# Lathe block for cross-drilling and minor milling



## shred (May 24, 2009)

YouTube video on making and using a cross-slide v-block I ran across. Seems like a handy thing for some jobs.

[ame]http://www.youtube.com/watch?v=GRcGfni70CI[/ame]


----------



## ozzie46 (May 24, 2009)

Very Nice Shred. Thanks for posting that. Another item to put in the arsenal of accessories. ;D ;D ;D

 Ron


----------



## steamer (May 24, 2009)

I have one similar and it is very handy!

Dave


----------



## John S (May 24, 2009)

Aaahh cutter in the drill chuck, mind you a Sherline probably hasn't got enough power to walk a cutter out. ;D

JS


----------



## bearcar1 (May 24, 2009)

Well isn't that just the slickest accessory attachment you've ever seen? Nicely done video Shred, thank you.

BC1


----------



## mklotz (May 24, 2009)

If putting off-axis torques on the block (as done when drilling the rod), I'd want more than a single bolt locking the block to the cross slide.

Maybe it's not an issue on a low-power Sherline, but on a larger lathe it could become an issue.


----------



## Foozer (May 24, 2009)

mklotz  said:
			
		

> If putting off-axis torques on the block (as done when drilling the rod), I'd want more than a single bolt locking the block to the cross slide.
> 
> Maybe it's not an issue on a low-power Sherline, but on a larger lathe it could become an issue.



That condition of "rotational creep" you reference can, well, has bitten me at least. Similar set of conditions, QCTP on small lather places the cutting tip further off axis. Using a stud and nut rather than a plain bolt as the locking method seems to help some. (the application of load forces in bolt vs stud is more down your alley,) Finding that returning to the use of the original rocker tool holder increases accuracy for the same reason. Gonna make me one of those gizmos, keeping the drilling as close to the hold down center line as possible


----------



## DICKEYBIRD (May 24, 2009)

Pretty slick rig! I love shop-built jigs & fixtures. ;D

A paper shim between the block and the carriage will reduce the tendency to slip. Fine grit wet/dry sandpaper would be even better.


----------



## rickharris (May 24, 2009)

Looking at my lathe I am thinking a similar fitting to fit to the tool post will be a good idea


----------



## steamer (May 24, 2009)

Mine works fine for up to say 5/8"  My Lathe is 12"







Dave


----------



## shred (May 24, 2009)

Just to be clear, that's not my video, just one somebody sent me a link to... I'll probably do one that drops on the QCTP at some point, though the rotation issue has me thinking a little.


----------



## steamer (May 24, 2009)

Hi Shred,

Mine mounts on an AXA wedge post and works fine with the one clamp bolt....don't be aggressive with a 1.25 twist drill mind you, but up to 1/2 -5/8, you will have little to worry as long as the over hang (moment arm) is below 2".

Dave


----------



## John S (May 24, 2009)

Mine fits in the tailstock.






Can't mill with it but it's very quick to setup for cross drilling.

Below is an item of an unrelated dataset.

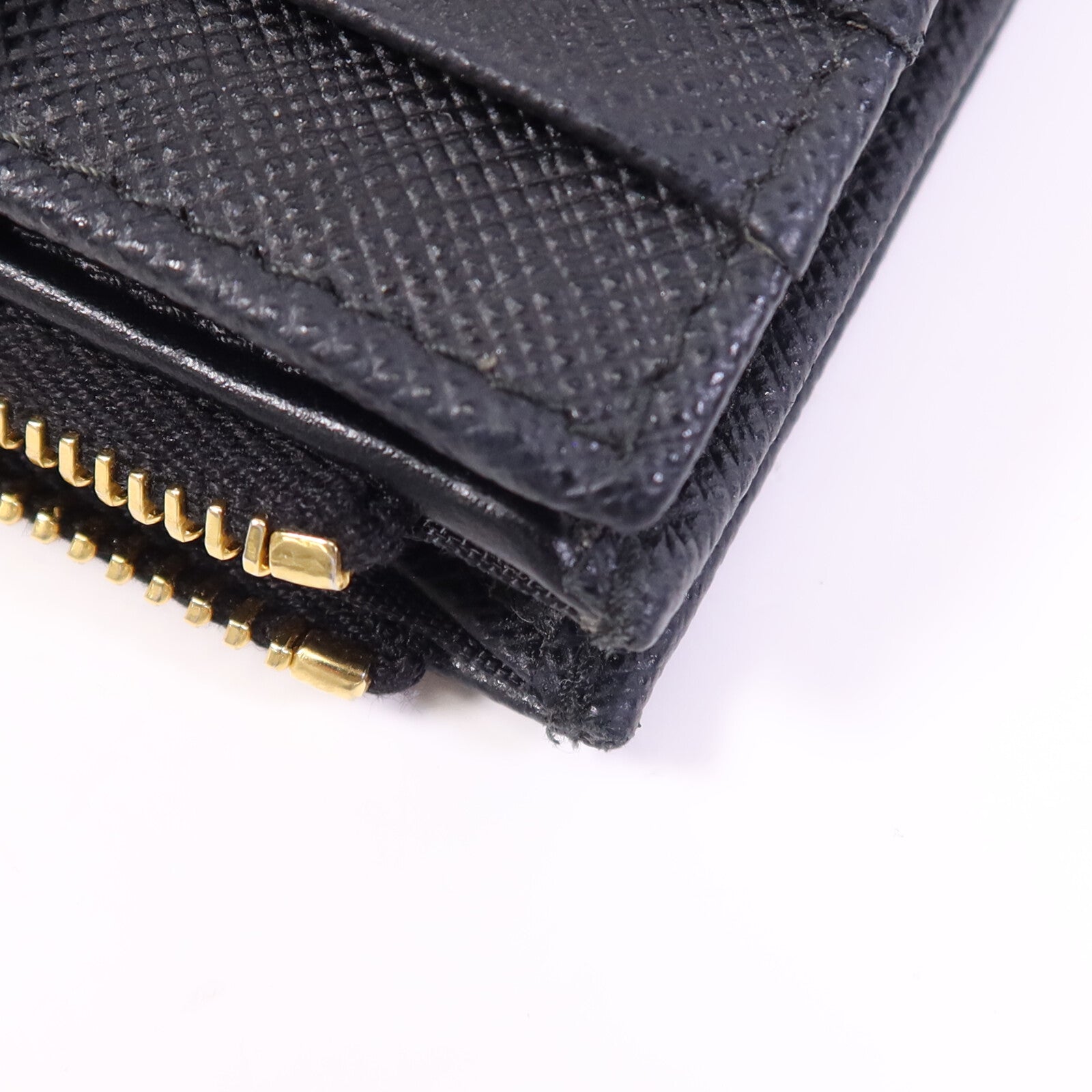 PRADA 牛皮皮革Saffiano Wallet金扣錢包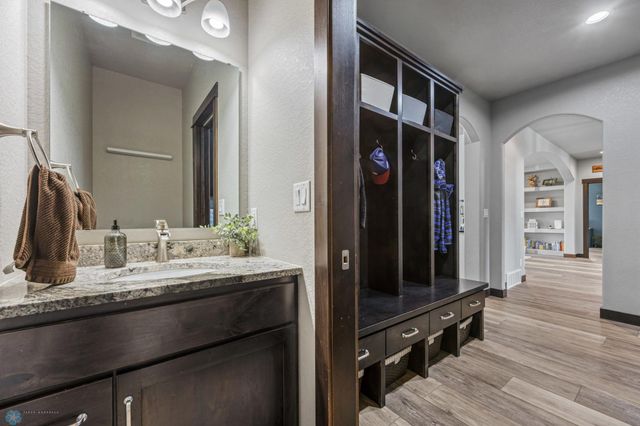 120 Lindsey Court, Mapleton, ND 58059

http://www.arceurotrade.co.uk/Catalogue/Machines-Accessories/Lathe-Accessories

JS.


----------



## ChooChooMike (May 24, 2009)

Clarifying what Shred mentioned about the video - The YouTube vid is from a guy with the handle *gmark1953*. This guy has a number of other vidoes too that show some other slick tricks/tips, many of them using the Sherline lathe/mill. Check the rest of the out at :

http://www.youtube.com/profile?user=gmark1953&view=videos

Cool stuff !

Mike


----------



## steamer (May 24, 2009)

A crotch center sure is fast.  Mounted on the compound, the block can be turned to drill on an angle, and can be indexed for a series of holes....


Dave


----------



## AlanHaisley (May 25, 2009)

mklotz  said:
			
		

> If putting off-axis torques on the block (as done when drilling the rod), I'd want more than a single bolt locking the block to the cross slide.
> 
> Maybe it's not an issue on a low-power Sherline, but on a larger lathe it could become an issue.



Odd that after he prepped the fixture the way he did that he didn't use the centered vertical groove as the backstop for his drilling example.

Used as I would expect it to be there wouldn't be any off-axis loading.

Alan


----------